Wikipedia Zero/Accept-Language Aware Redirects

From mediawiki.org

This page exists to follow along on Accept-Language aware redirect software engineering activity for the mobile web experience on Wikipedia.

A patch has been implemented to allow Accept-Language aware redirects for the "webroot" of "mdot" and "zerodot" Wikipedia traffic originating from known zero-rated operator networks (e.g., where Wikipedia Zero header tagging is in force). When we say "webroot" of "mdot" and "zerodot" we mean http://m.wikipedia.org/, https://m.wikipedia.org/, http://zero.wikipedia.org/, and https://zero.wikipedia.org/.

Here's the patch: https://gerrit.wikimedia.org/r/#/c/169210/

If this goes well on the zero-rated experience - and thus far it seems okay - we'll examine putting this in place on the non-zero-rated mdot experience for Wikipedia as well. To date, the non-zero-rated mdot Wikipedia experience as a general rule redirected the user to the English en.m.wikipedia.org main page, despite about 47% of users visiting that webroot not having English as their primary language (n.b., the www.wikipedia.org/ global homepage portal is actually more skewed toward English and, furthermore, lists all Wikipedia languages). And even in the zero-rated context, prior to the patch a user's Accept-Language wasn't taken into account; rather the user was shown a list of top languages from which to select (usually okay, but not ideal) or the user was redirected to a singular language main page (e.g., English or French). The patch tries to remove some of the cumbersome steps for the user.

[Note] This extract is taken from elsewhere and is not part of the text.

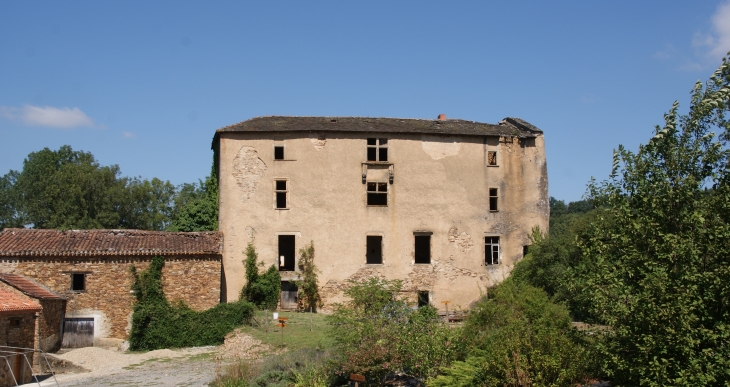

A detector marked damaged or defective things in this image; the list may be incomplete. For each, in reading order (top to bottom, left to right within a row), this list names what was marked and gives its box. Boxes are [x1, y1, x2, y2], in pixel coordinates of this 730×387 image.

Here's how the initial patch works:

Partner tech managers and software engineers who modify Zero: namespaced articles on https://zero.wikimedia.org/ need to do the following to enable Accept-Language aware redirects:

  1. Set the showZeroPage value to false.
  2. Add the language codes to be redirected to the main page in that language to the showLangs array. Ensure that X-CS tagging is enforced in the content accelerator configuration as well.
  3. The behavior that will result is as follows:
Given the user is accessing Wikipedia
When the user visits the "webroot" of "mdot" or "zerodot"
And the operator is configured to not show the language landing page
And the user's Accept-Language contains a language known to be zero-rated
Then the user is redirected to the main page for the most relevant Accept-Language prefix
Given the user is accessing Wikipedia
When the user visits the "webroot" of "mdot" or "zerodot"
And the operator is configured to show the language landing page
And the user's Accept-Language contains a language known to be zero-rated
Then the user is redirected to the landing page using the most relevant Accept-Language prefix

This patch prefers to redirect the user to a language that is both in the user's Accept-Language header and in the showLangs field (in ranked order). There is shortcircuit logic in place to do a faster redirect if there is overlap between the two lists. If there isn't overlap, yet the user's language is zero-rated, the user is redirected to the highest ranked user's language that is known to exist as a Wikipedia language; if the user's language is not zero-rated, the user is redirected to the first language in showLangs.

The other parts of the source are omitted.